Abstract This study experimentally and numerically investigates formation damage induced by suspended particles in the drilling fluid
and its effect on limiting their near-wellbore invasion. The study applies the NMR and X-Ray digital radiography tprovide
valuable insights into damage mechanisms along the formation and depth of invasion. Formation damage caused by drilling
fluids is one of the key factors for economic success in oil and gas field developments. The measured permeability reduction
obtained from laboratory test by injecting particulate drilling fluid in a representative core sample is used to determine
empirical parameters used to model the particle migration and deposition in porous media by means of a robust simulation of
the relevant processes. The study provides a concept to develop the ability to evaluate drilling fluids in term of their
formation damage potential.
Introduction
Argiller et al. (1999) analyzed the formation damage potential of water-based drilling fluids. They conducted
experiments with three water-based formulations. It was found that static filtration was mainly governed by external mud
cakes.

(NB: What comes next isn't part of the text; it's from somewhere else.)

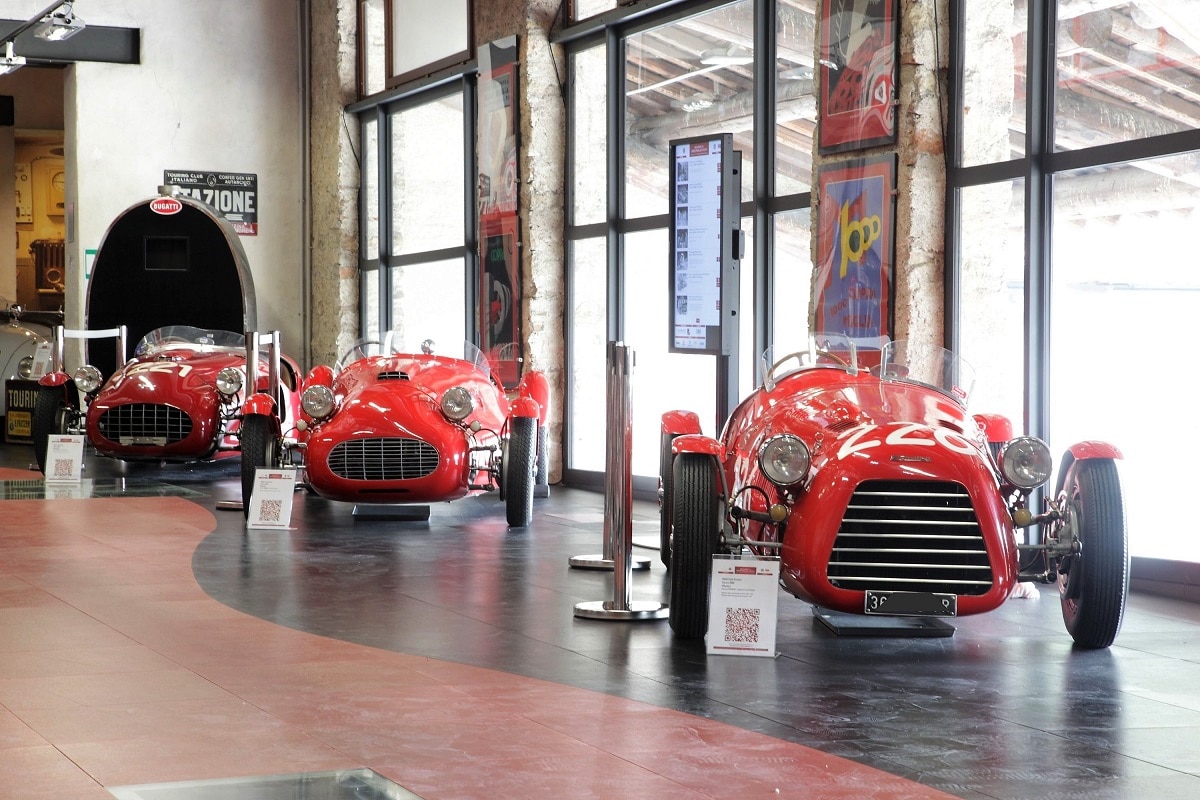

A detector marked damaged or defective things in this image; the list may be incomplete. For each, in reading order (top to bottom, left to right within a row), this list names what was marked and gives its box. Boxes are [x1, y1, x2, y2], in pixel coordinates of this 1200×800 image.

rusty metal column [573, 340, 667, 623]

They also stated that formation damage caused by water-based fluids can be avoided by optimizing the fluid loss
reducer and particle size distribution
Bailey et al. (1999) studied the particle invasion from drilling fluids. The particulate invasion was found to be one of
the primary mechanisms of formation damage caused by drilling fluids. Particles are forced into the formation generally
during the earlier stages of the filter cake growth. The experiments were done with KCl polymer fluid and different grades of
barite and carbonate weighing agents. They found that fine particles penetrated deeply into the formation and could not be
easily removed by back-flushing. Larger particles were observed to deposit near the surface of the injection point. The
permeability reduction was greatest in single-phase brine conditions.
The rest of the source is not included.